By Jaimee Bruce
Most people would associate carrots with the color orange and would never dream of seeing this root vegetable in another color. What most people don’t know is that the first cultivated carrots were purple or yellow.
Around one thousand years ago, carrots spread to the eastern Mediterranean after being grown and domesticated in Afghanistan. Purple carrots, along with yellow, red, and white ones, were prevalent in the Middle East and other parts of Asia. Around the 1500s, orange carrots were recorded in Italy, Spain, and Germany.
“In my wildest dreams I didn’t think that this would come back as a color for consumers,” said Philipp Simon in an article in Popular Science. Simon, a carrot geneticist with the U.S. Department of Agriculture, has been working with his team for 35 years, bringing in purple carrots from Syria to test if purple carrots contained genes that could aid in making orange carrots resistant to diseases and pests.
Simon and his team have discovered that a number of purple carrot varieties weren’t susceptible to a type of soil nematode that attacks plant roots. Since orange carrots don’t have the same kind of resistance to pests, the USDA has been crossing the resistant purple carrots to the orange ones that more recognizable for more than a decade.

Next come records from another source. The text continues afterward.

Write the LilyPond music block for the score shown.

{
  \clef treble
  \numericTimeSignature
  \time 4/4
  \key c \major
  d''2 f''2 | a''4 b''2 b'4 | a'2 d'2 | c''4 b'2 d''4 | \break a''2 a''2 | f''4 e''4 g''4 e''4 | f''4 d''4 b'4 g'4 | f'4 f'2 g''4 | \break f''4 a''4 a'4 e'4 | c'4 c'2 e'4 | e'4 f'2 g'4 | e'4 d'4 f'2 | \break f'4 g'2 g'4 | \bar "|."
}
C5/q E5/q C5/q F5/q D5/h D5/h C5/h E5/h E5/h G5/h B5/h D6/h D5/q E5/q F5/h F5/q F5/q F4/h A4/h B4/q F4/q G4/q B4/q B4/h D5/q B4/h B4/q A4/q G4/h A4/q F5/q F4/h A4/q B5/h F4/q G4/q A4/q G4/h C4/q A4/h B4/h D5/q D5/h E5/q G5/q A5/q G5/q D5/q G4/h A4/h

“The major purpose of my project is to prepare genetic stocks that carrot breeders will need in the future,” shared Simon. “I have no crystal ball, but we talk to growers and consumers. We look at carrots and say, ‘Might this be interesting?'”
The Organic Seed Alliance certainly found some of those carrots breeds interesting and has helped to introduce some of the new varieties to small-scale growers. The surprising interest in the unusually colored carrots, as well as the higher prices they fetched, had even larger growers marketing more purple carrots.
Since purple carrots derive their color from anthocyanin, Simon shared that this pigment contains antioxidants that could prevent cell damage and reduce the risk of certain diseases. One study even published that, compared with orange carrots, purple carrots have twice the amount of alpha and beta carotene that the body converts into vitamin A.
“There all kinds of colors out there that are really pretty interesting,” said Simon. “We’re looking at more combinations.”